Ce n’est qu’à quelques secondes du « nez-à-nez » que l’annonceur du train, qui venait de se commander des lasagnes par téléphone, se montre plus loquace : « Ici Bettembourg, on a un problème ». Trop tard pour faire actionner le freinage d’urgence du côté français. Le dispositif Radio Sol Train (RST) était défaillant dans le TER. Le poste de contrôle des Luxembourgeois avait pourtant donné l’alerte, mais la fréquence-radio n’était pas assez puissante pour atteindre ses destinataires. Personne n’avait vérifié un système qui n’avait d’ailleurs pas été conçu, dans les années 1980, pour assurer la sécurité du transport ferroviaire. Un ingénieur des CFL, qui fut inculpé par le juge d’instruction en raison justement des défaillances du système, avant de bénéficier d’un non-lieu, racontera aux enquêteurs que la RST avait avant tout servi à rationaliser l’organisation du travail aux chemins de fer, lors de la réduction du nombre de conducteurs dans les trains, de deux personnes à un seul homme à bord.
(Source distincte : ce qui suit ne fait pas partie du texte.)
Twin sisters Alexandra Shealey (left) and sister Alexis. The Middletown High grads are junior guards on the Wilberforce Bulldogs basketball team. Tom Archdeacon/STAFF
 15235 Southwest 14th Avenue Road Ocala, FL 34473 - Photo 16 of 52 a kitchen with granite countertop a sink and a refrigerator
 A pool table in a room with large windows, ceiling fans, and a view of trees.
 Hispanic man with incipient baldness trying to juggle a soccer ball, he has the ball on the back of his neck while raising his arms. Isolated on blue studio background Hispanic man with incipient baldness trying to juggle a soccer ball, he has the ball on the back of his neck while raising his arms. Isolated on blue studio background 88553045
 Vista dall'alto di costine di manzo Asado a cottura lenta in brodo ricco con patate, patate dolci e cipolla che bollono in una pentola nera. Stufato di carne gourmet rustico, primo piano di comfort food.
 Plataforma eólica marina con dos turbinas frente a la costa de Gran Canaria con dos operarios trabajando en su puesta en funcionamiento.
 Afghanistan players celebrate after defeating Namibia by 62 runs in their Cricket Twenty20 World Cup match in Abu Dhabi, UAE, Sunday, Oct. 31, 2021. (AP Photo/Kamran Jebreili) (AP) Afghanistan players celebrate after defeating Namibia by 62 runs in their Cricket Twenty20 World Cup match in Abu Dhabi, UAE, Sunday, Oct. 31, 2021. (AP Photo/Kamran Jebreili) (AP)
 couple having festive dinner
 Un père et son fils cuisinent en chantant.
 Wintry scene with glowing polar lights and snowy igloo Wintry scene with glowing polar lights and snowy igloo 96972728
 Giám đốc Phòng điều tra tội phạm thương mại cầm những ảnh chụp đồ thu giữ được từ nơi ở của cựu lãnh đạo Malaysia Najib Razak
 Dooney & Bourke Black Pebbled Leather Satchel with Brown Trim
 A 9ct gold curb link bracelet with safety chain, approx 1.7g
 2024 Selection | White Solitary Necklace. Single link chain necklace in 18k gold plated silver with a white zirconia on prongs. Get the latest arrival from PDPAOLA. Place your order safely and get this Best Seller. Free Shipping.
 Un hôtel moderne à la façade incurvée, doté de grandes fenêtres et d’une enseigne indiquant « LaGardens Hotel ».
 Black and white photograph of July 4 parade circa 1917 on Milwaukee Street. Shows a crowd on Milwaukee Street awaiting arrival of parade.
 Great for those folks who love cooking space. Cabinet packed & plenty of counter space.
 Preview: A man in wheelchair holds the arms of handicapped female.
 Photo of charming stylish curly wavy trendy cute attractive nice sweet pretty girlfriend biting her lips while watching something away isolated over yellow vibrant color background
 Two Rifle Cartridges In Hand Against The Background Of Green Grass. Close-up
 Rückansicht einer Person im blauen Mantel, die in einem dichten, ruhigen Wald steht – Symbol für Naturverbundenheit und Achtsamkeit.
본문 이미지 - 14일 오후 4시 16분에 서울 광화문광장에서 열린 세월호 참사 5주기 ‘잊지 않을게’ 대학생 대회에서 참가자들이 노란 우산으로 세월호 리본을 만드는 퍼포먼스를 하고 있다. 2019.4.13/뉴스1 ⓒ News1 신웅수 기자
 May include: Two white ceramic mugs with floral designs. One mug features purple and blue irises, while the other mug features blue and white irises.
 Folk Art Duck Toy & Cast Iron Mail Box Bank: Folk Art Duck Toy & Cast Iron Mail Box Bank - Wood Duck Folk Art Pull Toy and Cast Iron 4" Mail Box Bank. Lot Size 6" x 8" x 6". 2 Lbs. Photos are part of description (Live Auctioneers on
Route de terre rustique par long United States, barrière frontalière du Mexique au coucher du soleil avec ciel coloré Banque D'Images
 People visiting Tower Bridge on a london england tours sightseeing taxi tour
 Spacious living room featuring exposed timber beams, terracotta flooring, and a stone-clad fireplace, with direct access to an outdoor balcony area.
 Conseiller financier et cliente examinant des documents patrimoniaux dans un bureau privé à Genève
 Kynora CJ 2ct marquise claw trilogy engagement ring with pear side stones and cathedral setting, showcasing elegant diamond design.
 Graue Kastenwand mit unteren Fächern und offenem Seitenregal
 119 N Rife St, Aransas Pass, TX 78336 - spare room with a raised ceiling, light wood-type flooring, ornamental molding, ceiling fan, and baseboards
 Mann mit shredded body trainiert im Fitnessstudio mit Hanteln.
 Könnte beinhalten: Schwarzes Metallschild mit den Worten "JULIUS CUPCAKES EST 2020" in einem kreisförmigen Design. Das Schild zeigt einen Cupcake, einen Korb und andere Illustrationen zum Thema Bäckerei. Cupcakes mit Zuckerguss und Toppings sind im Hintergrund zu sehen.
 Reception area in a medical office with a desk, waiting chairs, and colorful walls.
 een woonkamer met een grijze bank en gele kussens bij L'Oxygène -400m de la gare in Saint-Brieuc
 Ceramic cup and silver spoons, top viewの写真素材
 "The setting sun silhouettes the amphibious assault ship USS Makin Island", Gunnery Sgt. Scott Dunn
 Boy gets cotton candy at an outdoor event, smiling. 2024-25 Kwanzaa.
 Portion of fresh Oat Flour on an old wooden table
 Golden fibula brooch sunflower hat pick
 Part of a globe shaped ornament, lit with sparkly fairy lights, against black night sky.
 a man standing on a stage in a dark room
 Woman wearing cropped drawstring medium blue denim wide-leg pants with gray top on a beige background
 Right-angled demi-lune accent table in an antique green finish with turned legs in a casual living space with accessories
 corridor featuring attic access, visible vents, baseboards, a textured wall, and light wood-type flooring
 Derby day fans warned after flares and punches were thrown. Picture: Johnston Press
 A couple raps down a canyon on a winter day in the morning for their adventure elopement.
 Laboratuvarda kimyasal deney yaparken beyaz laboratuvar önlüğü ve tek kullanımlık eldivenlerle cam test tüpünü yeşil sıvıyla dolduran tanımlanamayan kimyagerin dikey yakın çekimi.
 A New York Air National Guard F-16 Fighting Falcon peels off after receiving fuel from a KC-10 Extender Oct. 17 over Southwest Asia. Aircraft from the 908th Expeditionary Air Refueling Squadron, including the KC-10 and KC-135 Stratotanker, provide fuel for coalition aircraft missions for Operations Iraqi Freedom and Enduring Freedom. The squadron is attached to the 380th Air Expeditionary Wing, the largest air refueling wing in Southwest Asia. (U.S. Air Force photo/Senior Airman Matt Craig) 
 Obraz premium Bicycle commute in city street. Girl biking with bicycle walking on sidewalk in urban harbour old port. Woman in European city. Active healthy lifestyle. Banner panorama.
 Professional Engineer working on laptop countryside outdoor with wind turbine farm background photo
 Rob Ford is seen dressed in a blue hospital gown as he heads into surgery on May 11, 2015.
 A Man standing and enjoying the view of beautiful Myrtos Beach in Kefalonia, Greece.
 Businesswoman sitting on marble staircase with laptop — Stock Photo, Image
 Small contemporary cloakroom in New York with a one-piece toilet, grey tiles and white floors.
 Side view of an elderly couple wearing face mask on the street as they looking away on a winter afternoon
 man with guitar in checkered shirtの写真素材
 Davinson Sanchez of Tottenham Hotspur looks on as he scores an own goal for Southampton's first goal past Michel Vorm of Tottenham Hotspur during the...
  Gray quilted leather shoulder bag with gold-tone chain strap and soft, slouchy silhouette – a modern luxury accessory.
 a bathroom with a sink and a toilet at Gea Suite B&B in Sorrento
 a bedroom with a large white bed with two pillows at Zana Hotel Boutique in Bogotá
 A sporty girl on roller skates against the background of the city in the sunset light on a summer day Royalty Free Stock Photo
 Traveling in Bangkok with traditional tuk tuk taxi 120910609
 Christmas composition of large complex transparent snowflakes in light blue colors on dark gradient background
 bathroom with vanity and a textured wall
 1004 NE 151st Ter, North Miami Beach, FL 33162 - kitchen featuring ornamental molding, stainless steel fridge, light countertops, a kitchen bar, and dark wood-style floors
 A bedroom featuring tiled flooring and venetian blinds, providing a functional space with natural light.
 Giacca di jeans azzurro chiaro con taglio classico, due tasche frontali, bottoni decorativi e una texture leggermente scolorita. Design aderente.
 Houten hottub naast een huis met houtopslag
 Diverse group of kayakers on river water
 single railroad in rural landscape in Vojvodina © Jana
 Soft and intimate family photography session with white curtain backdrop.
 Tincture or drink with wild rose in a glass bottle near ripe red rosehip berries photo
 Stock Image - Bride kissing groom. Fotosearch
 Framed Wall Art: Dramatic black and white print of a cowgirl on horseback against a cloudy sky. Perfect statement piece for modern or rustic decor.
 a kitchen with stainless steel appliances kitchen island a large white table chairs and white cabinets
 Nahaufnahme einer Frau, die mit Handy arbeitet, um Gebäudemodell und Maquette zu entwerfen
L’expert français a stigmatisé cette conception du dispositif.
Il n’y a pas eu davantage d’émotion au poste du régulateur de Luxembourg, qui a donné l’alerte par téléphone à Thionville, lorsque la bévue des agents des CFL a été identifiée. « Non, ce n’est pas grave, Bettembourg a fait une connerie, il a délivré un ordre écrit ». L’enquête a montré par la suite que les cheminots luxembourgeois n’avaient pas connaissance des procédures d’alerte et ignoraient le fonctionnement du dispositif. L’un des prévenus par exemple ne savait pas qu’il devait appuyer au moins 0,6 seconde sur un des boutons. Il n’existait aucune instruction écrite à sa portée.
Les témoignages d’agents des CFL, récoltés par les enquêteurs, revèlent d’ailleurs pas mal de défaillances dans la réglementation sécuritaire aux chemins de fer luxembourgeois. Dans l’organisation du travail aussi : un des cheminots raconte par exemple que les agents qui attendaient leur collègue en retard pour assurer la relève, étaient mal vus et que les retards des agents étaient plutôt monnaie courante. Ce que l’expert n’a pas démenti à la barre, jugeant inacceptable le laisser-aller des équipes du poste de Bettembourg. Sur quatre agents qui devaient prendre leur fonction à 11.30, deux arriveront en retard le jour de l’accident.
Était-il trop tard pour éviter la collision entre les deux trains ? C’est toute la difficulté et en partie l’enjeu du procès. Quelques mètres, c’était un impact moins important entre les deux trains, relève l’expert.
« La grande faute, c’est le manque de discipline », assure l’expert à la barre. « Comment peut-on arriver en retard ? » ajoute-t-il en faisant explicitement référence aux deux chefs de la circulation des trains du poste de Bettembourg, qui quittent pour l’un son poste sans attendre la relève, en raison de sa mésentente avec son homologue, et pour l’autre prend le relais sans faire les vérifications élémentaires de sécurité et envoit l’ordre de passage du train de voyageurs, malgré la signalisation qui ne l’y autorisait pas, conduisant ainsi six personnes à la mort.